### PROBLEM
When you reproduce the data, keep every word exactly as it stands and leave the pictures out.

### DATA BLOCK
------------------------------------------------
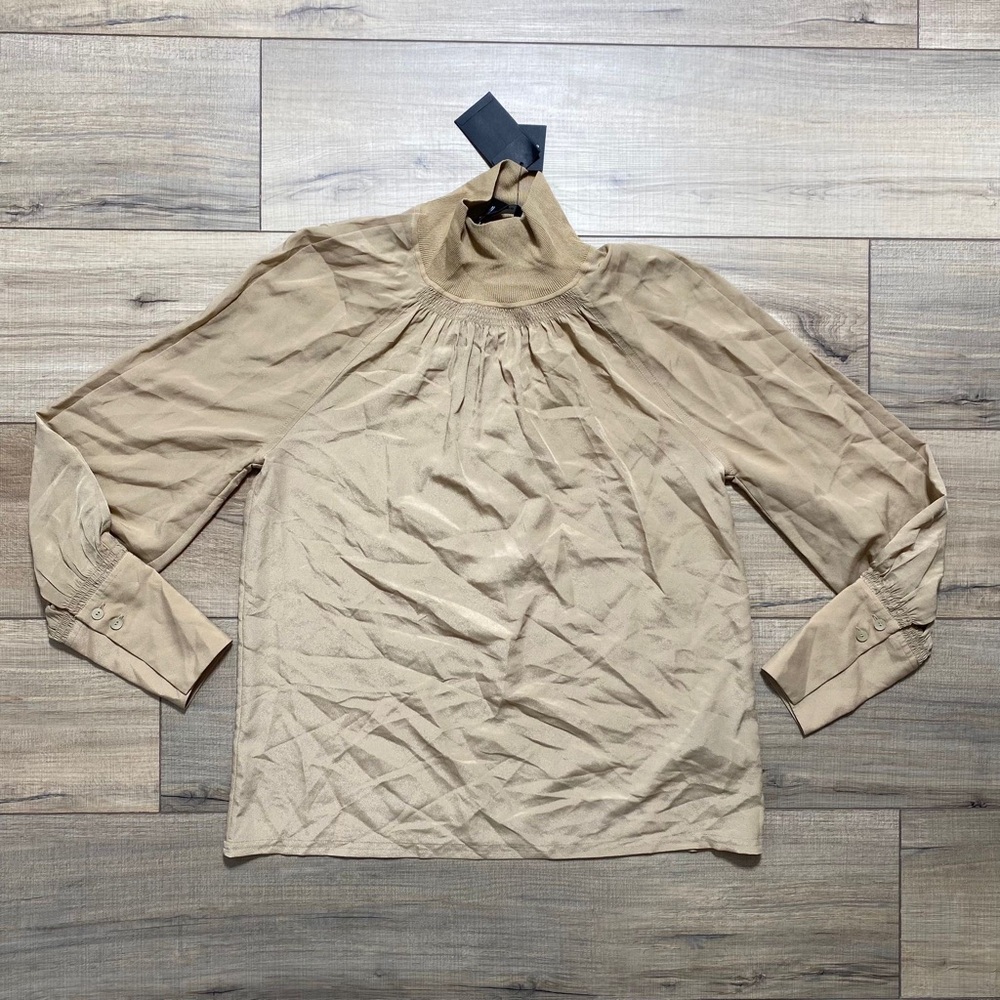 Club Monaco Women Rib Neck Blouson Sleeve Blouse‎ Size XXS Tan Relaxed Fit
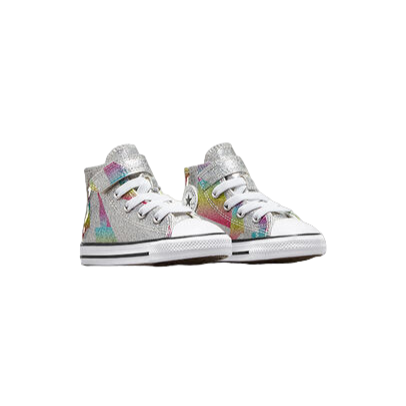 Converse scarpa sneakers da bambina glitterata con laccio elastico e velcro A04739C argento-bianco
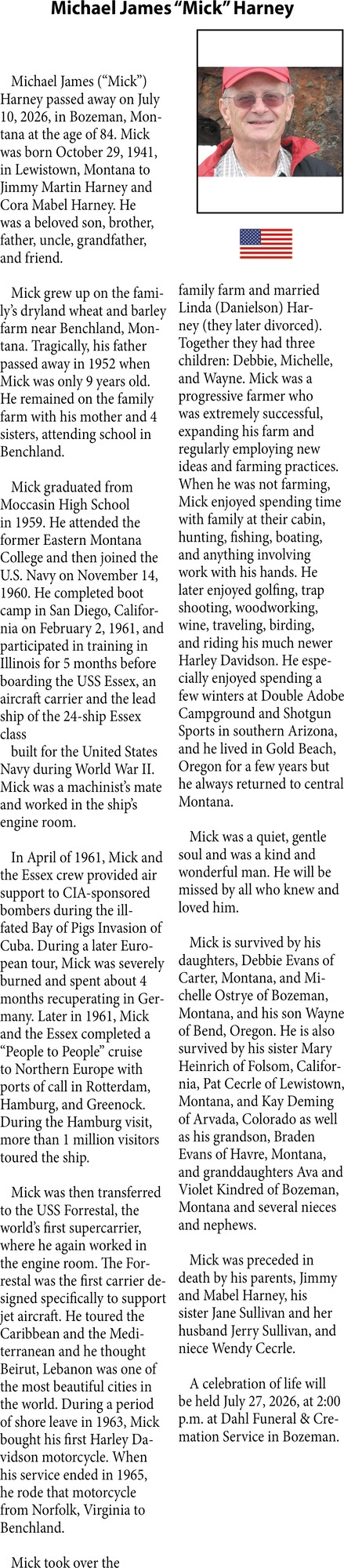 In Loving Memory, Michael James "Mick" Harney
------------------------------------------------
### RESPONSE BELOW
 Club Monaco Women Rib Neck Blouson Sleeve Blouse‎ Size XXS Tan Relaxed Fit
 Converse scarpa sneakers da bambina glitterata con laccio elastico e velcro A04739C argento-bianco
 In Loving Memory, Michael James "Mick" Harney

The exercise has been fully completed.